Example 4 Preparation of 4-Methoxybenzyl Isothiocyanate

(60) 4-methoxybenzylamine (300.0 g, 2.19 mol), triethylamine (309.2 g, 3.06 mol), CS.sub.2 (299.2 g, 3.93 mol), BOC anhydride (471.9 g, 2.16 mol), 0.18 g of DMAP (0.06% of the amount of allylamine) and 1000 ml of ethyl acetate were subjected to the reaction and post-processing purification in the same manner as in Example 1, and finally obtained a pure product. The structure was confirmed in FIG. 4.

Example 5 Preparation of 4-Chlorobenzyl Isothiocyanate

(61) 4-chlorobenzylamine (300.0 g, 2.12 mol), triethylamine (299.6 g, 2.96 mol), CS.sub.2 (289.8 g, 3.81 mol), BOC anhydride (457.2 g, 2.10 mol), 0.18 g of DMAP (0.06% of the amount of allylamine) and 900 ml of ethyl acetate were subjected to the reaction and post-processing purification in the same manner as in Example 1, and finally obtained a pure product. The structure was confirmed in FIG. 5.

Example 6 Preparation of Ethyl Isothiocyanate

(62) Ethylamine (300.0 g, 6.65 mol), triethylamine (940.9 g, 9.30 mol), CS.sub.2 (910.4 g, 11.96 mol), BOC anhydride (1436.2 g, 6.58 mol), 0.18 g of DMAP (0.06% of the amount of allylamine) and 2300 ml of acetic acid were subjected to the reaction and post-processing purification in the same manner as in Example 1, and finally obtained a pure product. The structure was confirmed in FIG. 6.
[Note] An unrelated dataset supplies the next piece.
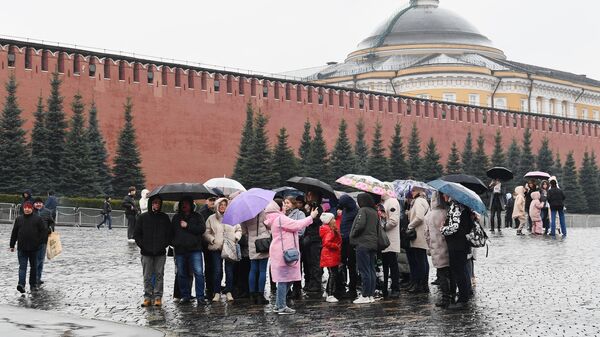 Люди с зонтами во время дождя на Красной площади в Москве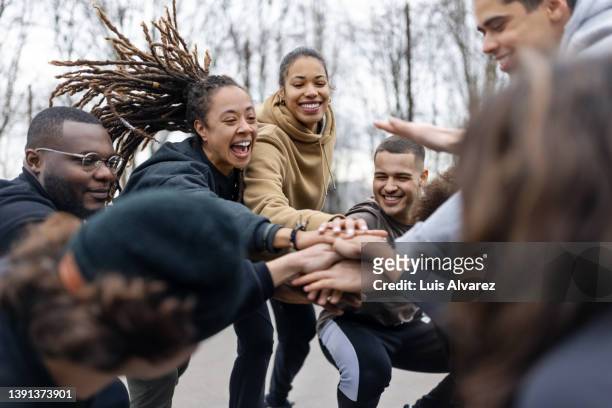 cheerful young male and female football players stacking hands together - community togetherness stock pictures, royalty-free photos & images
Example 7 Industrial Production Equipment Flow Chart

(63) The equipment flow chart for industrial production was detailed in FIG. 7, wherein, the equipment mainly comprised a main reactor, a crude distillation tank located downstream of the main reactor, and a rectifying column.

(64) The main reactor was used to carry out main reaction, acidic water washing reaction and concentration operation, and the equipment further comprises a first condensation and receiving device connected to the upper portion of the main reactor.

(65) The crude distillation tank was used to distill the concentrated product to obtain a crude distillation product. The crude distillation product passed through the second condensation and receiving device to enter into the evaporator and the rectification column from the tail end. The rectifying column was used for rectifying the crude distillation product.

(66) The equipment also includes one or more feeding tanks connected to the main reactor, and located upstream of the main reactor.

(67) All literature mentioned in the present application are incorporated herein by reference, as though each one is individually incorporated by reference. Additionally, it should be understood that after reading the above teachings, those skilled in the art can make various changes and modifications to the present invention. These equivalents also fall within the scope defined by the appended claims.